感情を抑える為ぎゅっと握り締めていた手の平に爪が食い込み、痛みで我に帰ると、手の平にぬるっとした感触と激しい痛みが広がった。
おそらく、爪が食い込み出血しているのだろう。
『負けて…たまるか』
私は、その痛みに絶えながら…もう一度掌を強く握る。
そんな私の姿を見て、加奈子は言った。
「あららぁ教室汚しちゃ駄目じゃなぁん。そ・う・じ…してくださぁい」
その言葉を合図に、手下の三人が声を上げて笑い始める。
笑ってる…笑ってるのだ。
教室中に響き渡る程の大声で、私の事を笑っている。
そして次の瞬間、加奈子は私の髪をわし掴みにし、思い切り散らばったお弁当箱の方向に投げ倒した。
ガタンと激しく倒れる椅子、あまりの勢いに抵抗出来ず私は勢いよく投げ倒された。
倒れ込んだ先は、散らばったお弁当の中。
髪を掴まれた時の痛みと感覚が、ジンジンと心に流れ込んできた。
ヌルっとした感触と共に、甘酸っぱいチリソースの香りが鼻に入り、そこに和子さんお得意のエビチリがある事が直ぐに解る。

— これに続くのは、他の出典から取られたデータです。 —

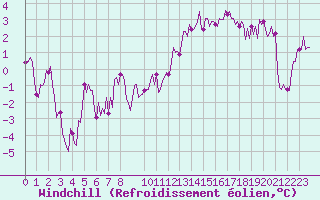 Courbe du refroidissement olien pour Saint-Yrieix-le-Djalat (19)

『和子さんのエビチリ、美味しいのにな…食べれなくなっちゃった』
そんな言葉が頭を過り、悲しみが心を支配しそうになる。
でも、ここで涙は見せたくない…絶対に。
私はゆっくりと立ち上がり、黙って椅子を元に戻した。
そして鞄からハンカチを取りだし、手に付いたソースを拭き取る。
ただただ黙って…何も言わずに。
壊れそうな心
弾けて飛び出しそうな心。
制服を見ると、白いご飯つぶとエビチリの赤いソースがべっとりと付いている画像が目に飛び込んでくる。
拭いても拭いても落ちない汚れ。
それでも私は、拭き続けた。
ギュッと唇を噛み締めながら。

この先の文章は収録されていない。